Sediment carbon storage in subtidal beds of the invasive seagrass Halophila stipulacea along an extreme water depth gradient, St. Thomas, U.S. Virgin Islands

Abstract

Blue carbon ecosystems such as mangroves, salt marshes, and seagrass beds are found globally and are fundamental to fisheries production, storm surge protection, and carbon sequestration. The contribution of seagrass ecosystems to global carbon stocks is still not well understood, including in the United States Virgin Islands (USVI). No study has been published to-date assessing the sediment carbon density (SCD) in seagrass beds in the USVI. This study focused on the carbon storage ability of the invasive species, Halophila stipulacea, which is compact in size compared to common native seagrasses and has spread rapidly to become a dominant seagrass in the USVI. This species forms dense mats across a wide depth range (<1m to 50m) typically uninhabitable to its native counterparts (Syringodium filiforme and Thalassia testudinum).
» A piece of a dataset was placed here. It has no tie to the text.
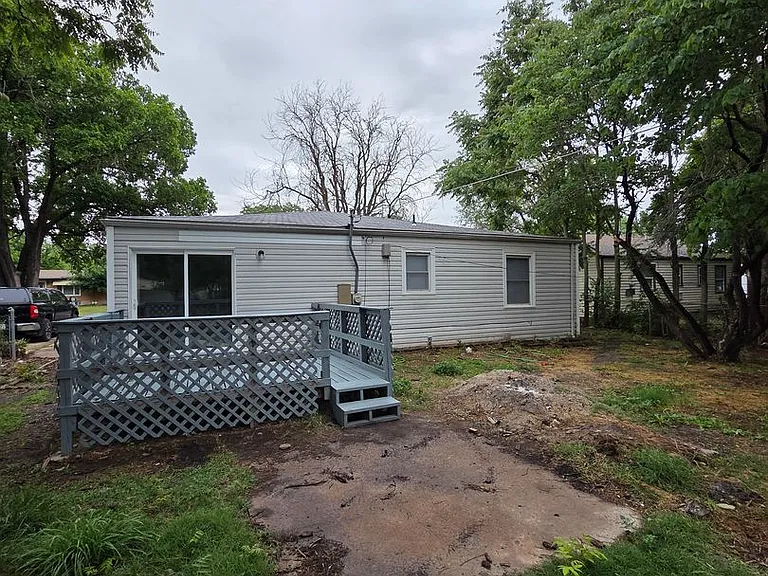 2119 S Glenn St — Photo 23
Several biotic and abiotic factors influence the carbon storage ability of seagrass, yet little is known about carbon storage sequestration along a depth gradient for H. stipulacea. This study provides the first assessment of the biological characteristics (shoot density, leaf area, leaf height, and percent cover) and carbon storage ability of H. stipulacea across a depth gradient (shallow: 5-10m; medium: 15-20m; deep: 25-30m) at two sites in St. Thomas, USVI. Mean sediment carbon density (SCD) values per core reported for H. stipulacea in this study ranged from 3.88 to 15.67mgC/cm3; these were comparable to regional and global seagrass studies. Biological characteristics were not an accurate predictor of SCD. A significant interaction between water depth and site was found to affect mean SCD of H. stipulacea beds. It is likely that site-specific factors most likely account for variations seen within the data. Although carbon values in this study compared to values reported in the literature, other factors such as land use, proximity to carbon sources, sediment microbial community, and water current patterns may be driving SCD values. These findings highlight the need for site and species-specific carbon storage assessments on local to regional scales to accurately estimate current and forecasted blue carbon stocks.